- [Task directions]: The line containing "1FTER4FH0MLD88089 2021 FORD RANGER - Image 8" and each line after it, through the final line of the data, are to be retyped exactly, with pictures left out.

- [Records for this exercise]:
━━━━━━━━━━━━━━━━━━━━
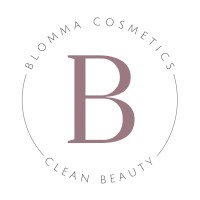 Blomma Cosmetics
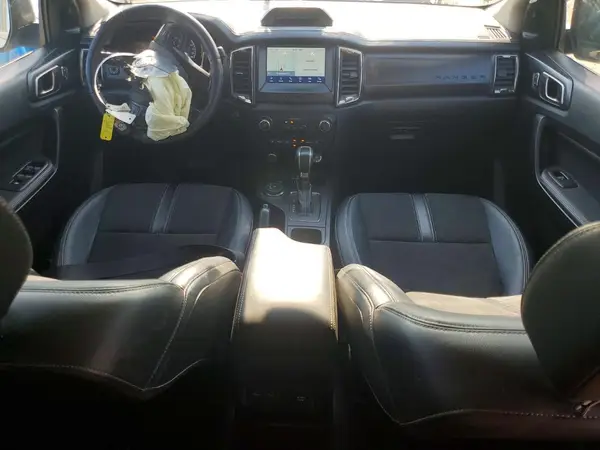 1FTER4FH0MLD88089 2021 FORD RANGER - Image 8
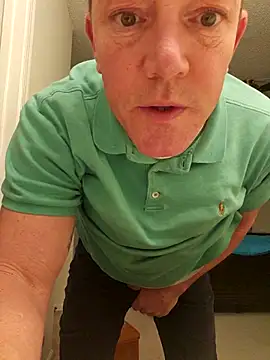 Bigtater1999 online show from 11.21.25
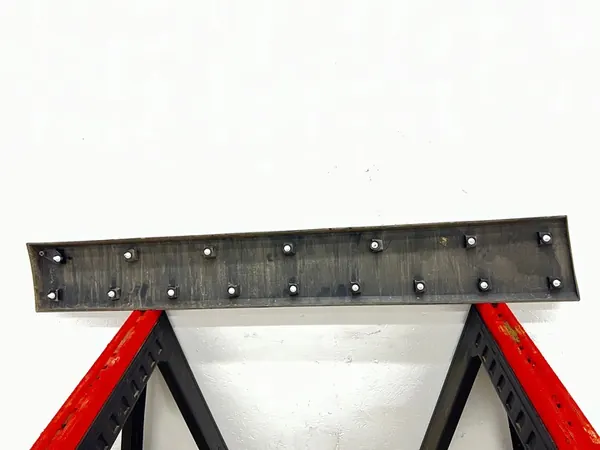 Rivestimento laterale sinistro 93867912 Renault Trafic III Vivaro B 14- image 4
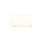 BOSCH 1 987 435 087 Filter, Innenraumluft
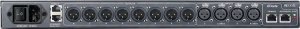 Marani MIR880F (480I + Dante) в Кирове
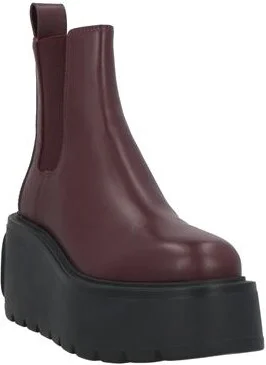 Valentino Garavani Woman Ankle boots - Image 5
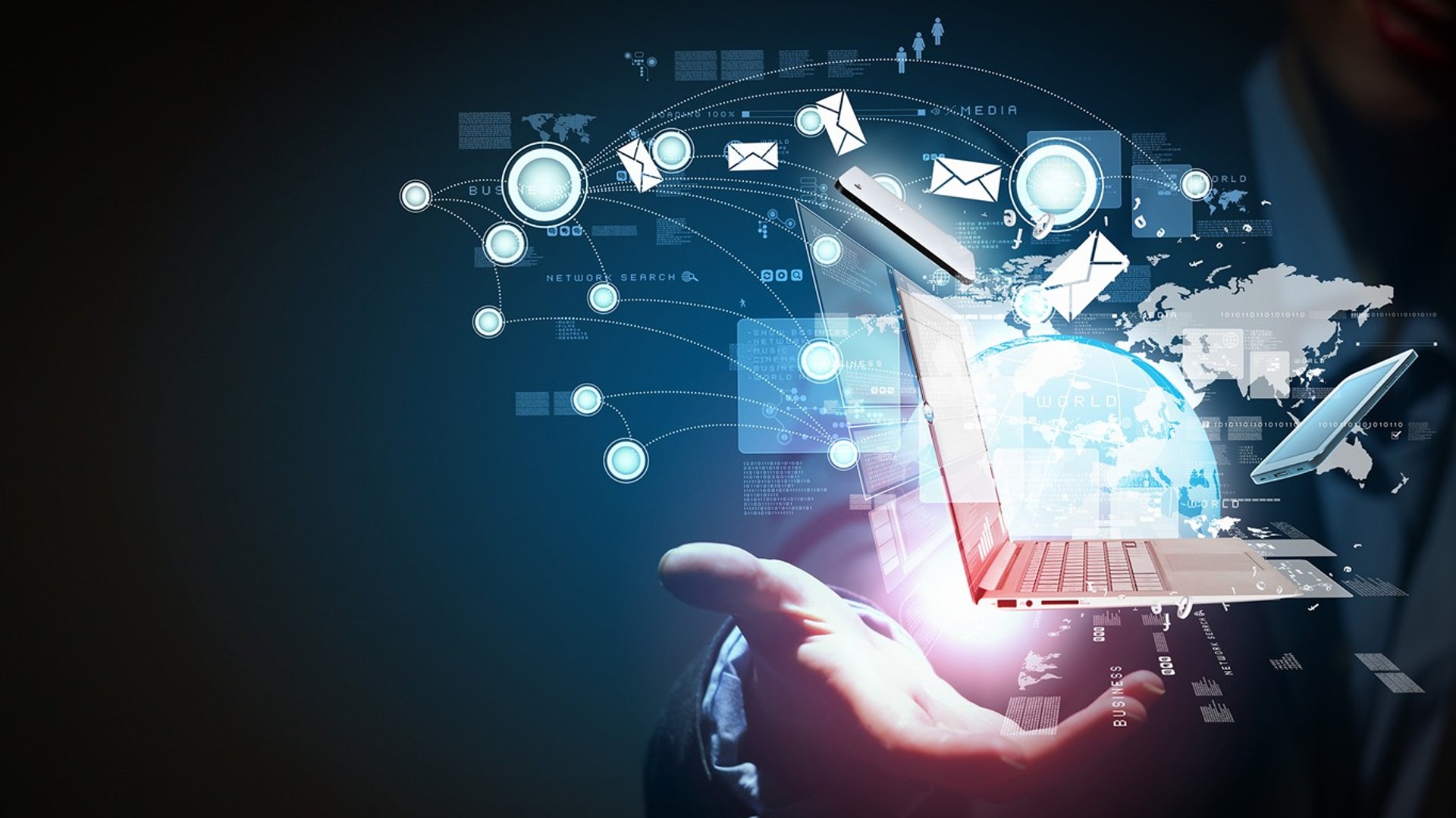 woman wearing yellow long-sleeved dress under white clouds and blue sky during daytime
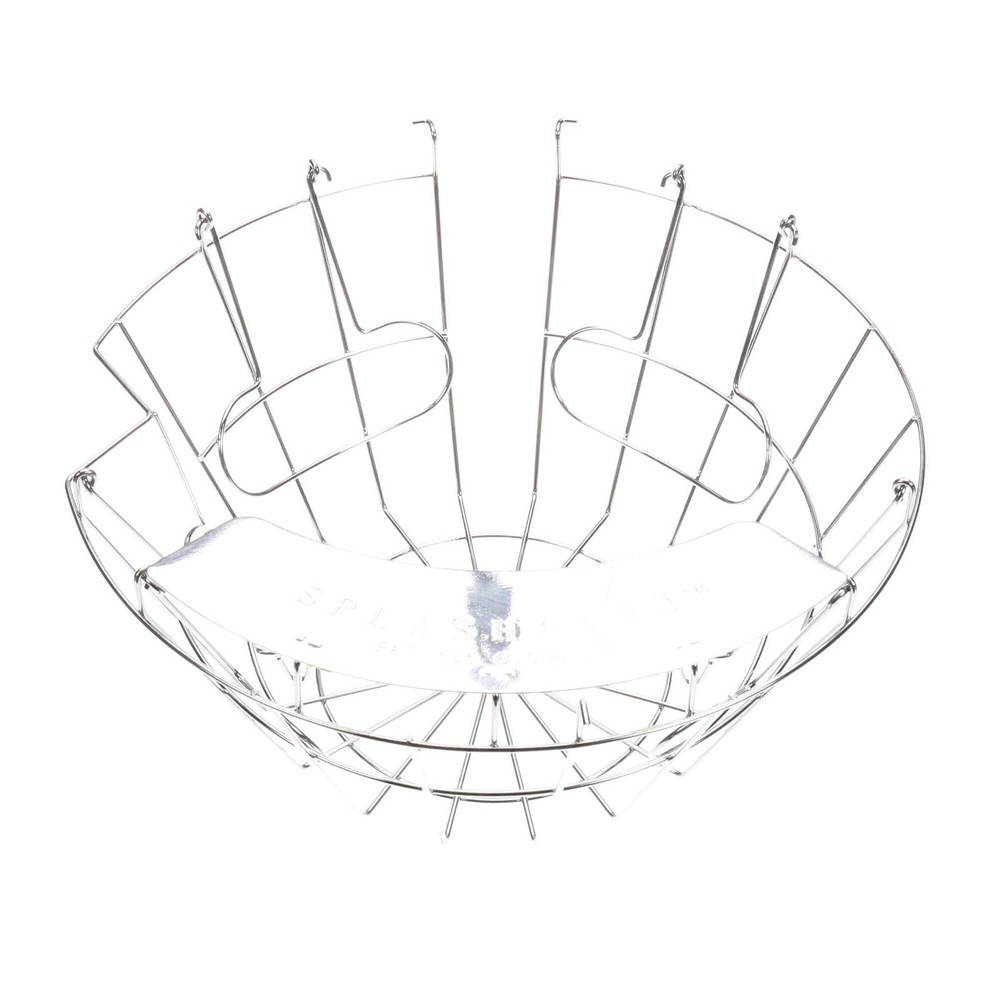 Bunn 9372.0001- Genuine OEM Replacement Part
━━━━━━━━━━━━━━━━━━━━
- [Exercise answer]:
 1FTER4FH0MLD88089 2021 FORD RANGER - Image 8
 Bigtater1999 online show from 11.21.25
 Rivestimento laterale sinistro 93867912 Renault Trafic III Vivaro B 14- image 4
 BOSCH 1 987 435 087 Filter, Innenraumluft
 Marani MIR880F (480I + Dante) в Кирове
 Valentino Garavani Woman Ankle boots - Image 5
 woman wearing yellow long-sleeved dress under white clouds and blue sky during daytime
 Bunn 9372.0001- Genuine OEM Replacement Part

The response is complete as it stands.